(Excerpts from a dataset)

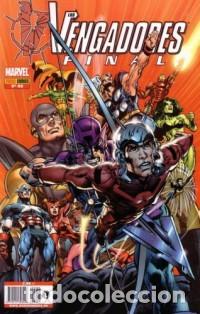 C&oacute;mics: Vengadores panini completa 1-86 - Foto 24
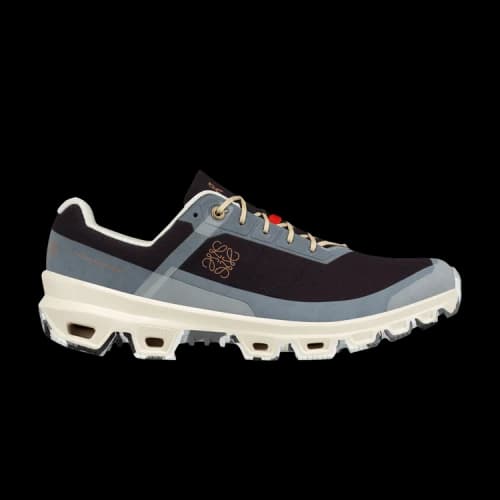 Loewe x ON Cloudventure 'Black Grey'
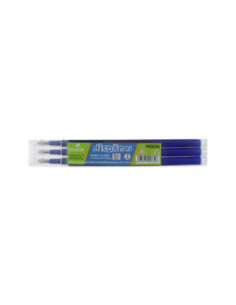 74502A,Mina cu gel Disparel Albastru ECADA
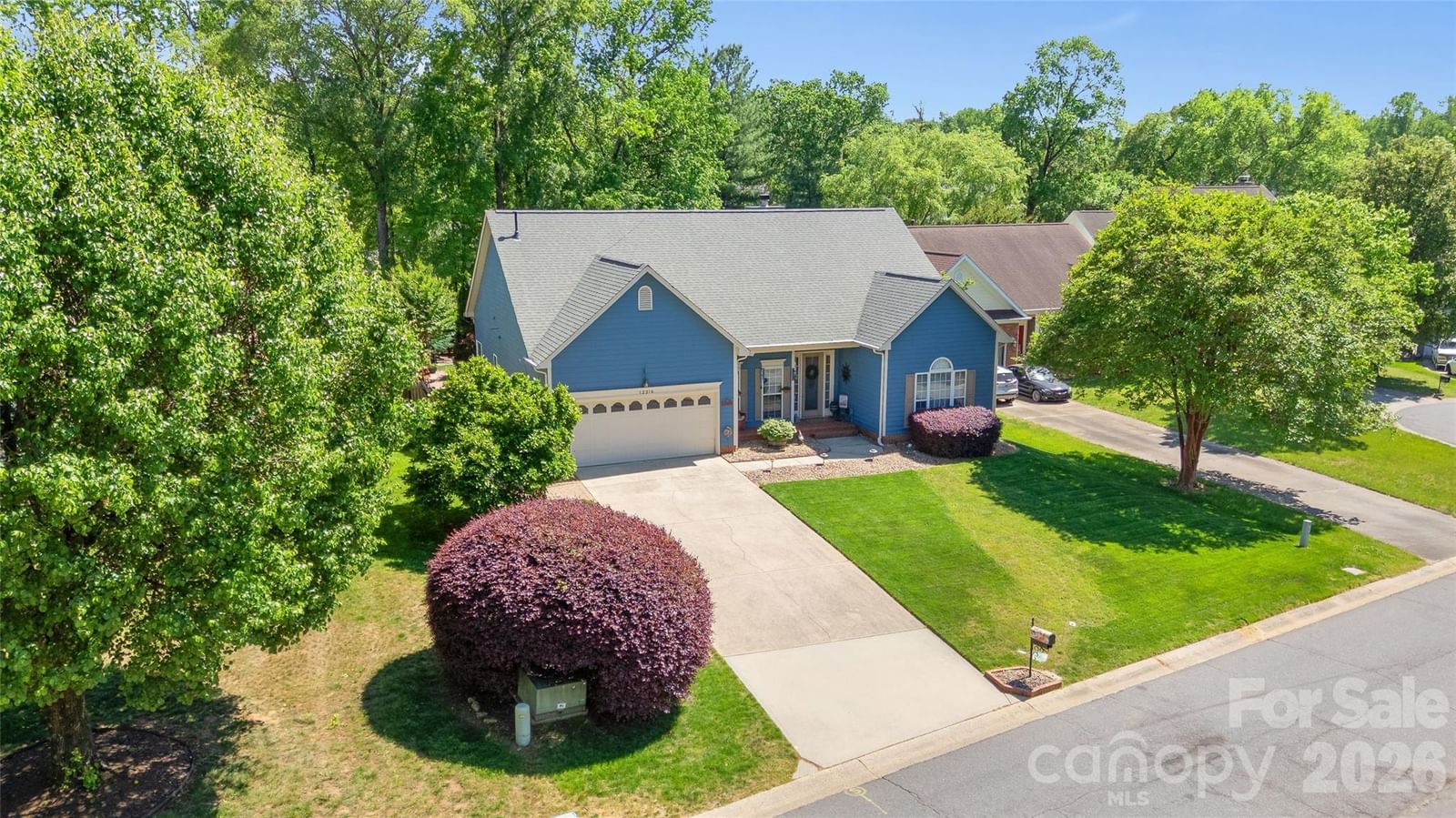 12316 Panthersville Drive, Charlotte, NC 28269 - Photo 3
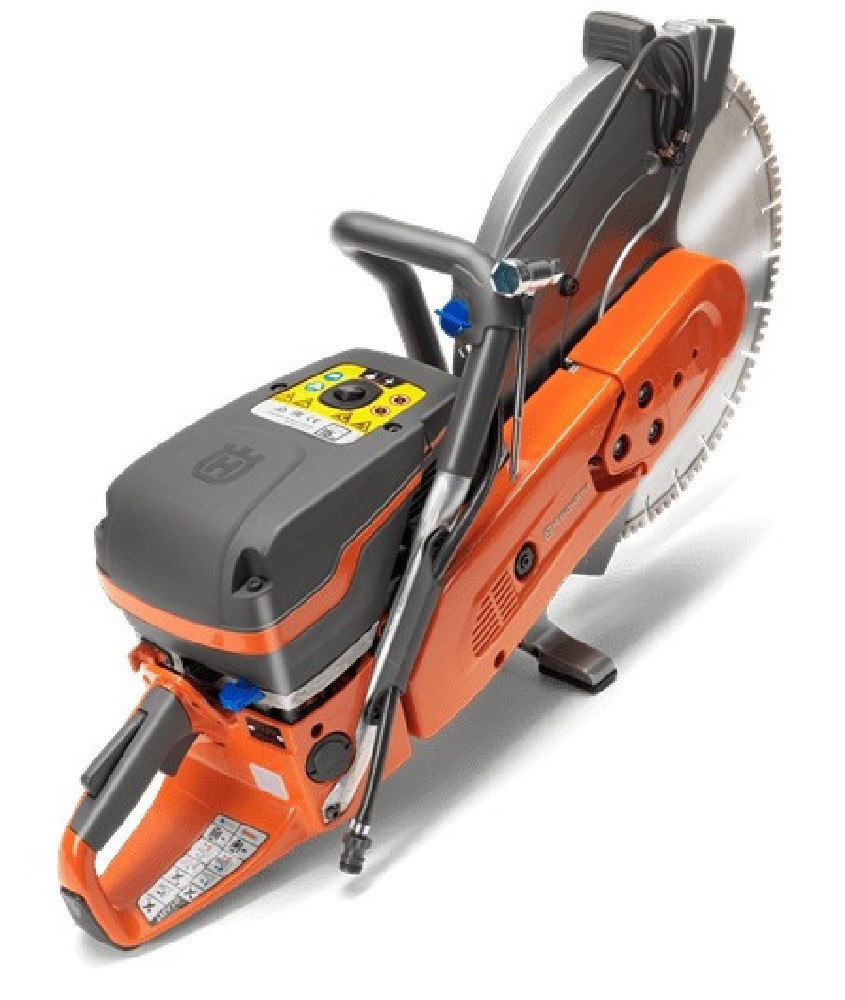 TRENNSCHLEIFER K970 III 16" Husqvarna *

**What you are asked to do**
Begin at the line containing "12316 Panthersville Drive, Charlotte, NC" and extract every line through the end of the records, inclusive, exactly and only; omit pictures.

**Response**
 12316 Panthersville Drive, Charlotte, NC 28269 - Photo 3
 TRENNSCHLEIFER K970 III 16" Husqvarna *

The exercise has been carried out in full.